I wanted to get all New York on his ass.  What the fuck do you mean, "Am I sure??"  Get the fuck away from me, you weirdo.  Seriously, that was kind of creepy.  I just said, "Enjoy your day" and walked away....

I always thought this little town was quaint and beautiful but underneath it all, there was something sort of dark.  I can't quite put my finger on it.  It's the sort of town you'd see on City Confidential.  I wanted to write a story about how a mutilated corpse was found in the vineyards and mystery ensues.  Most people I told that to sort of looked at me like I was out of my fucking mind... until I met that acting troupe.  They got it.

In fact, that was what this whole acting venture was about:  exploring the dark underbelly of this town.  It was a mystery theatre/walking wine tour/treasure hunt kind of deal.  I got to play the town wino who had psychic insight into just what goes on in this place..

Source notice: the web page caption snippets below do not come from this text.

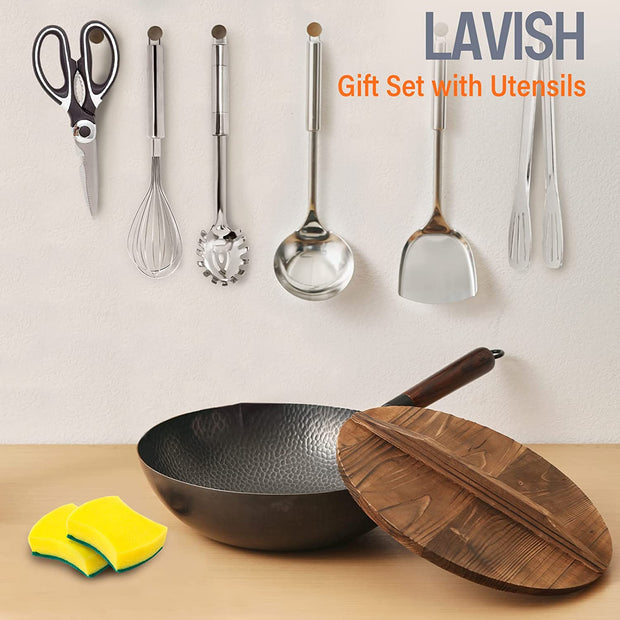 Carbon Steel Wok, 13 Inch Wok Pan with Lid and Cookwares 10Pcs or 5Pcs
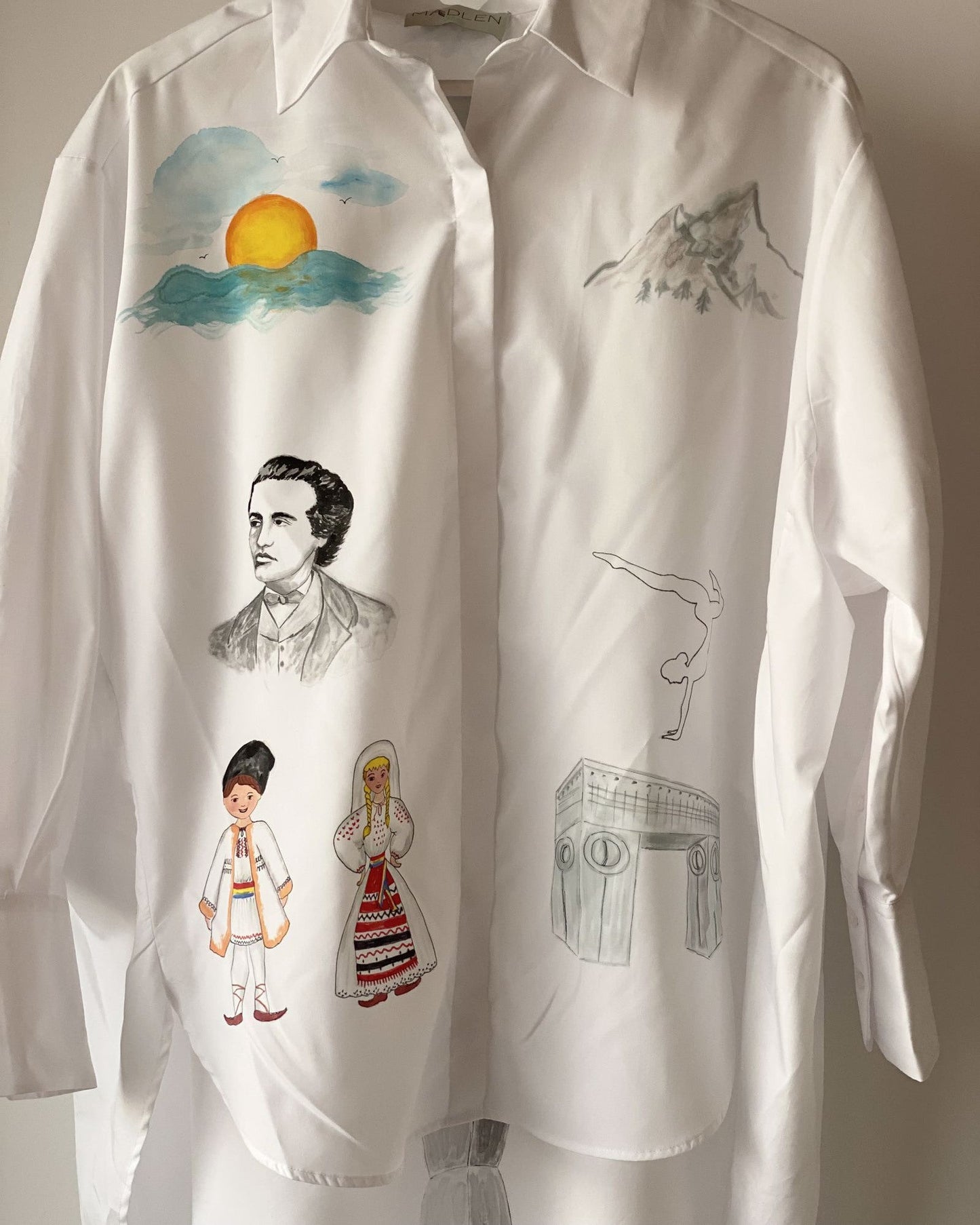 Cămașă pictată manual ’’Beautiful Romania’’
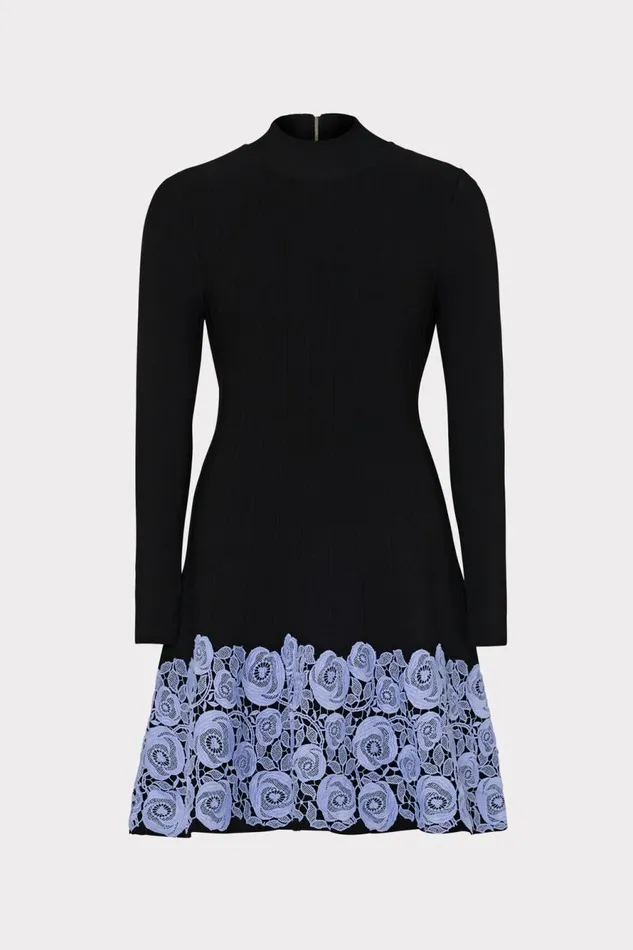 Milly Khai Lace Trim Fit And Flare Dress Black Women Sweaters and Knits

My character evolved.  At first, she was more of a bag lady but, in the end, she was more tame.  In fact, she does a monologue about the difference between New York winos and wine country winos.  The first week I did it in full fledge bag lady form, I was on the sidewalk in front of one of the most high-end hotel/restaurants in this town.  The writer of the backstory had connections there and arranged for us to have it there that week.

The mix of reactions I got from people was mindblowing.  Some people looked at me like I was the absolute lowest form of life.  Some people refused to look at me. Then you had the sympathizers (my favorites).

Some girl started talking to me as she walked to her car... all the while I never broke character.  I told her that was my corner and when she got in her car, she screamed out the window, "You rock!" and then invited me to a party that night.

Somebody who worked at the restaurant/hotel, who was not privy to what was going on, came out and said, "You can't drink out here" with this major superior attitude (I had a bagged wine bottle filled with cherry kombucha that I made so it looked like wine).  She threatened to call the police.  That was the only time I broke character to tell her to go talk to her boss about it and get the fuck out of my face.

Needless to say, I took immense pleasure when she apologized later that night. 

I think it was that whole debacle that made the mastermind of the project tame the character.  This town just couldn't deal with a real honest-to-god bag lady. 

Damn, I had a whole lot of fun playing her, though.  That whole experience was a blast.  I got paid and it was so great to work with people that I had something in common with.  In fact, that was the only time since I moved here that I was social... I went out and did things with these people all the time.  When the venture ended, I recoiled back into my comfort zone.